I'll start with a short recap of my personal experience with lucid dreaming.

From the very beginning, reality checks were a big part of my lucid dreams. I was confident that they would work, and I was pretty desperate to start LDing on purpose (I had already had a few lucids on accident). Sure enough, the RC's did the trick, time and time again.

Then there came a time when I dropped the reality checks purely for the sake of exploring my other options. I continued to learn about dreaming in general and different methods for going lucid. Eventually, however, I was at a low rate of LD success, so I returned to the faithful RCing in hopes of restoring my consistent lucid dreams.

To my utter surprise, after a month of constantly reality checking, I had absolutely no RC-based lucid dreams. By chance I'd stumble upon a lucid every once in a while, but they had nothing to do with the reality checks.

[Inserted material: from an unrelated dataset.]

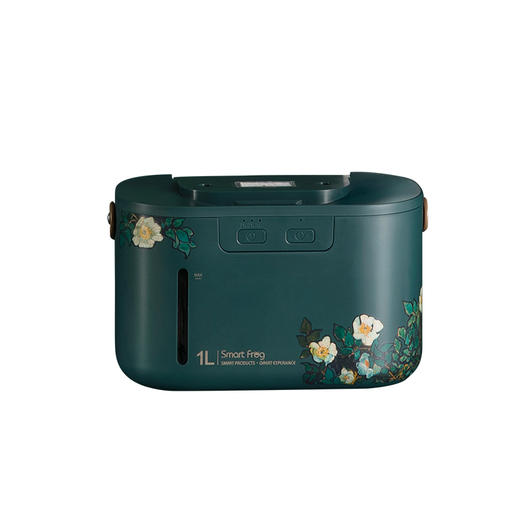 卡蛙 水一方PLUSI香薰加湿器KW-JSQ14 空气加湿器 商品图4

It grew quite discouraging for a while. It seemed my ability to lucid dream was drawing to a close...until through one random lucid dream I happened to learn what was really going on. It was a bit strange...I was in the dream, I was thinking about dreams, and I thought to myself, "I sure wish I could turn this into a lucid dream. I'm tired of just having normal dreams all night!" That's when it hit me: I could turn it into a lucid dream! I didn't have to reality check or anything, just know that I was dreaming.

DUH, right? Well, maybe, maybe not.



The Theory:


So why was it that I couldn't go lucid all that time? And why doesn't everyone with a little lucid dreaming experience go lucid every night? Is it because we truly don't know that we're dreaming?

I'm here to challenge that last question and say that it is not. Instead, I propose we do not lucid dream every night because we've trained ourselves to think lucid dreaming is a difficult thing to attain.

In my experience, I've done so many reality checks, learned a lot about dreams, etc., so that I don't even have to think twice to know if I'm awake or not. And I'd imagine it could be the same way for many of you as well. In fact, I'd say every night I know in the back of my mind when I am and when I am not dreaming.

The problem is, because I've spent the past several months fighting to achieve lucidity, I've convinced myself it's hard to LD, and thus my sleeping mind is fighting against itself with the notion that it can't just go lucid based on this simple knowledge alone.



If this is true, how do I fix the problem?

Lucid dreaming is obviously heavily mental. But at the same time, I don't think this "I'll try to convince myself that I'm going to LD tonight" thing is really all its cracked up to be. And that is not what I'm advocating here. Think about it. If you try to convince yourself that you will lucid dream, that means you honestly believe that without the self-convincing, you wouldn't LD at all! What I'm trying to say is, provided you are pretty aware of your state, you don't need anything to lucid dream, because you practically do it every night, just without being consciously aware of it. So remove the obstruction of "lucid dreaming is hard" from your mind, accept the fact that you can lucid dream every night without following A, B, C, and (hopefully) things will get better.

I'm certainly no doctor, though Feel free to think up your own solutions. I'd imagine it's a little different for everyone, anyway. This is simply what I have done and am beginning to see results with.



So what do you think?

I'd love to hear everyone's thoughts on this. Discuss at will.